[Extracted records]:

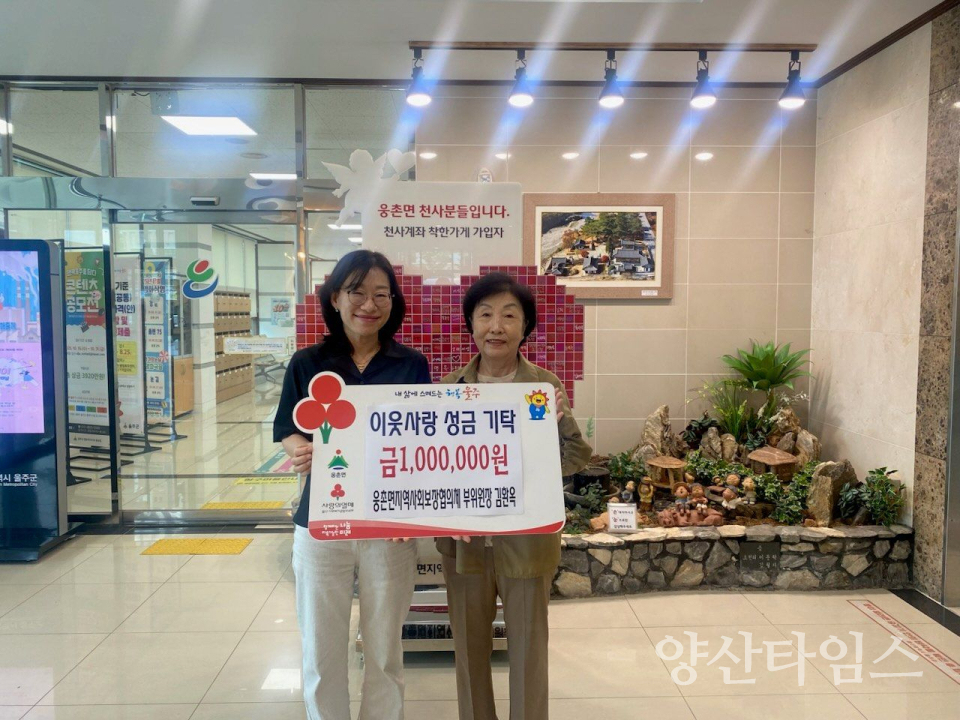 김환옥 웅촌면 지역사회보장협의체 부위원장, 저소득층 성금 전달ⓒ양산타임스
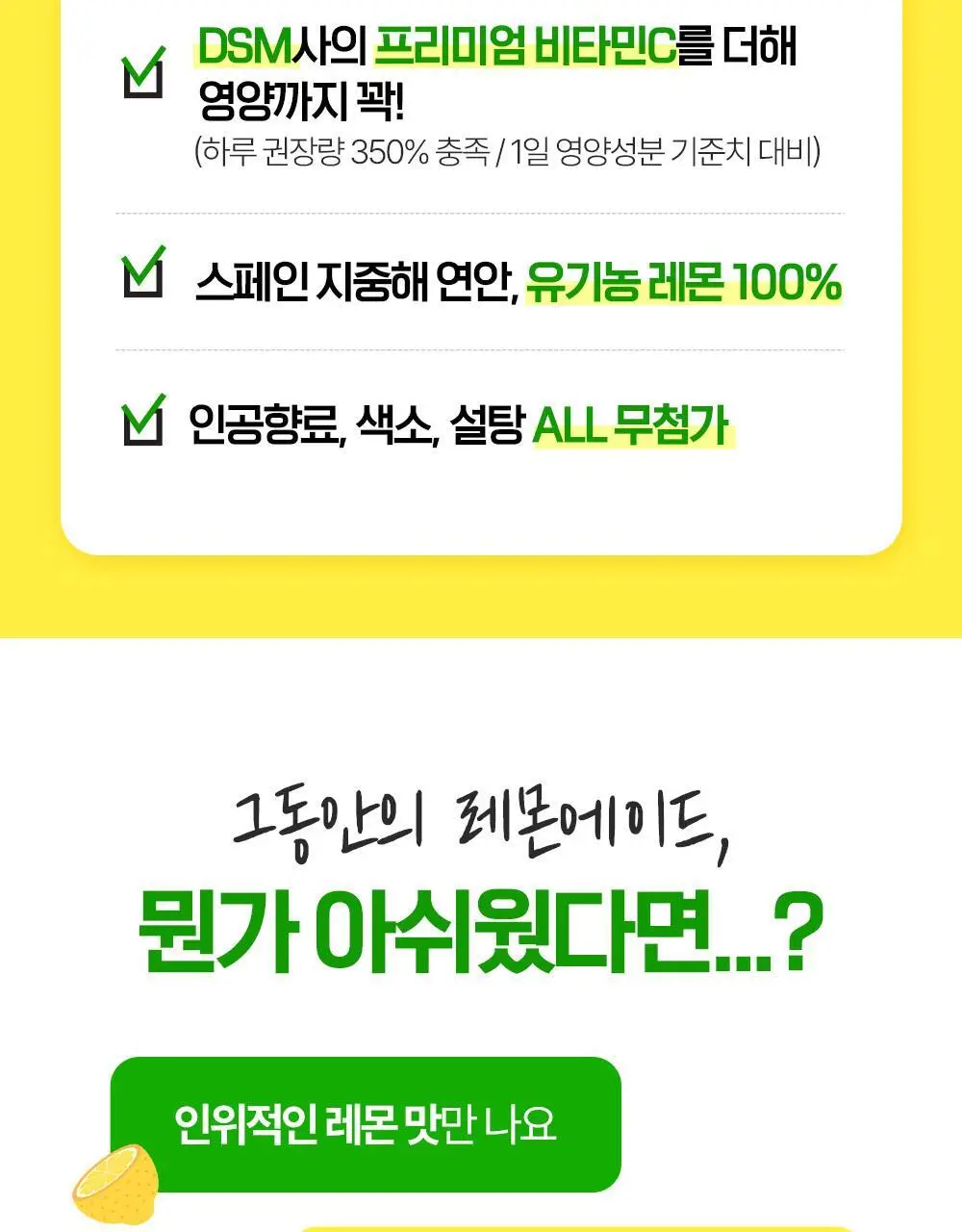 홀베리 레몬에이드 비타C 상세페이지 5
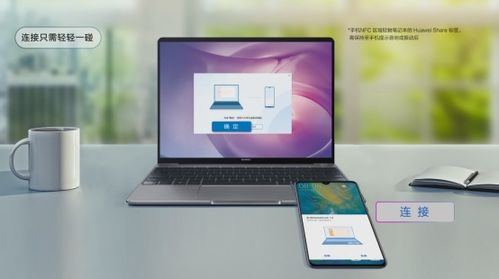 华为电脑怎么huaweishare(华为电脑如何使用Huawei Share实现便捷的文件共享) 华为电脑怎么huaweishare(华为电脑如何使用Huawei Share实现便捷的文件共享)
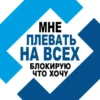 MHE ПЛЕВАТЬ HA BCEX БЛОКИРУЮ ЧТО ХОЧУ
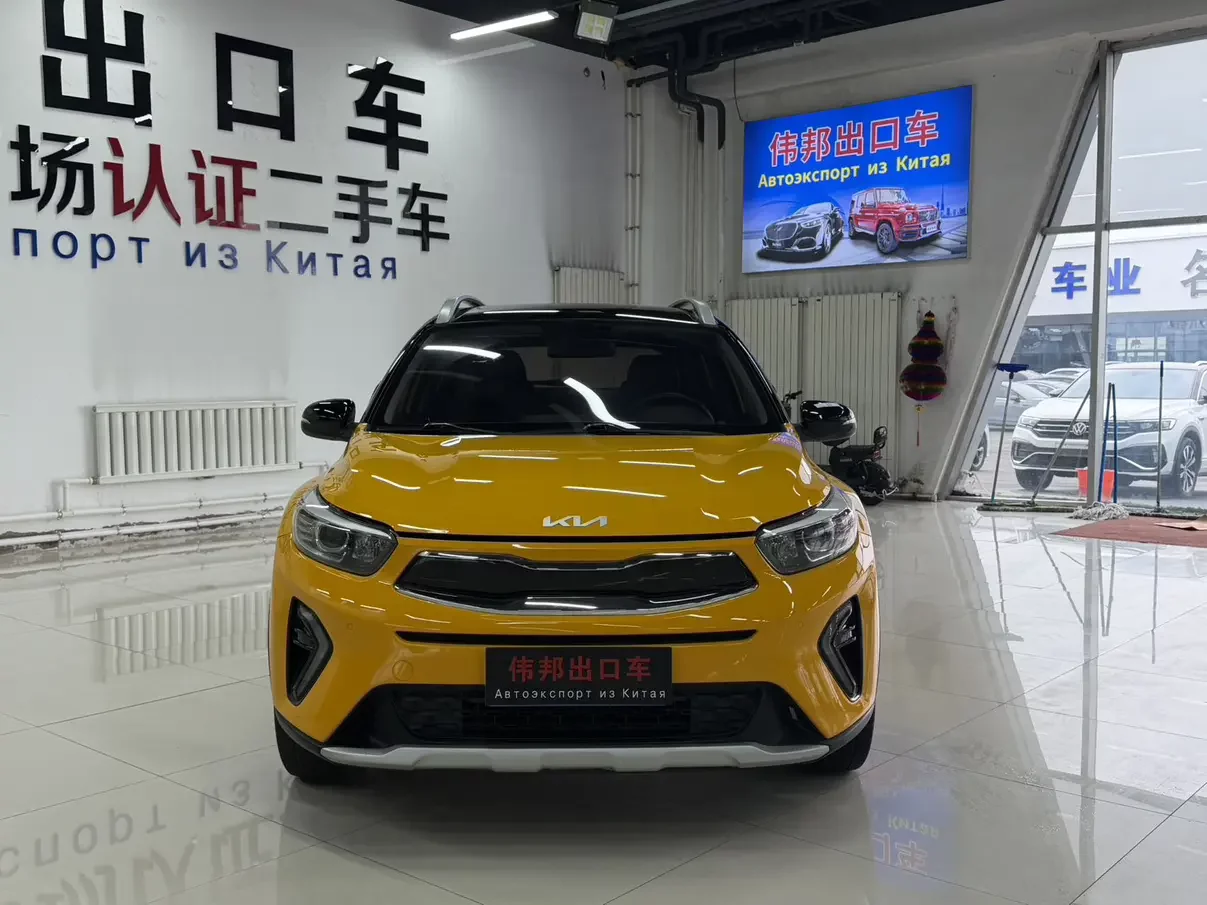Kia KX1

[What needs to be done]:
The copy should match the records above exactly, except that pictures are dropped.

[Answer space]:
 김환옥 웅촌면 지역사회보장협의체 부위원장, 저소득층 성금 전달ⓒ양산타임스
 홀베리 레몬에이드 비타C 상세페이지 5
 华为电脑怎么huaweishare(华为电脑如何使用Huawei Share实现便捷的文件共享) 华为电脑怎么huaweishare(华为电脑如何使用Huawei Share实现便捷的文件共享)
 MHE ПЛЕВАТЬ HA BCEX БЛОКИРУЮ ЧТО ХОЧУ
Kia KX1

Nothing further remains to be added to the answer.